Le « mea culpa » de Yaël Braun-Pivet
Ces derniers temps, il n’y a pas que dans la sphère intello-médiatique que les choses ont commencé à bouger. Le 10 avril, sur France Inter, c’est Yaël Braun-Pivet, la présidente macroniste de l’Assemblée nationale, qui reconnaissait, pour la première fois, son « tort » d’avoir exprimé son « soutien inconditionnel » à Israël, au lendemain des attaques terroristes commises par le Hamas le 7 octobre 2023. « J’ai eu tort de choisir ce mot, parce qu’il […] a été compris de telle sorte que ça ne correspond pas à ce que je voulais dire », a-t-elle justifié, soulignant qu’elle pensait alors apporter son « soutien inconditionnel » à l’État d’Israël et non à la politique de Benyamin Nétanyahou.

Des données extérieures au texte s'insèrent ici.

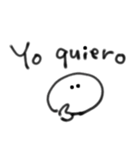手書きメキシコのスペイン語（個別スタンプ：32）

Si son rétropédalage sur le « soutien inconditionnel » a été salué par certains à gauche – Jean-Luc Mélenchon s’est félicité que « ces gens [Yaël Braun-Pivet et Emmanuel Macron – ndlr ] comprennent enfin que la solution politique est la seule possible » –, il résonne là encore curieusement, dix-huit mois après les faits. Durant cette période, la députée des Yvelines, qui n’est jamais revenue sur ses propos – elle aurait pourtant eu tout le loisir de s’en expliquer au vu du flot ininterrompu de critiques venant de la gauche mais aussi de son propre camp –, s’est en effet montrée intraitable, notamment dans l’hémicycle, sur la question de la guerre au Proche-Orient.
Le 28 mai 2024, elle prononçait ainsi la plus haute sanction prévue par le règlement – à savoir une exclusion temporaire – à l’égard de l’Insoumis Sébastien Delogu qui avait déployé un drapeau palestinien dans l’hémicycle. La sévérité de la sanction avait fait bondir, y compris au PS : « Cela donne l’impression qu’on préfère parler d’un drapeau plutôt que de ce qui se passe là-bas », avait alors pointé le socialiste Arthur Delaporte.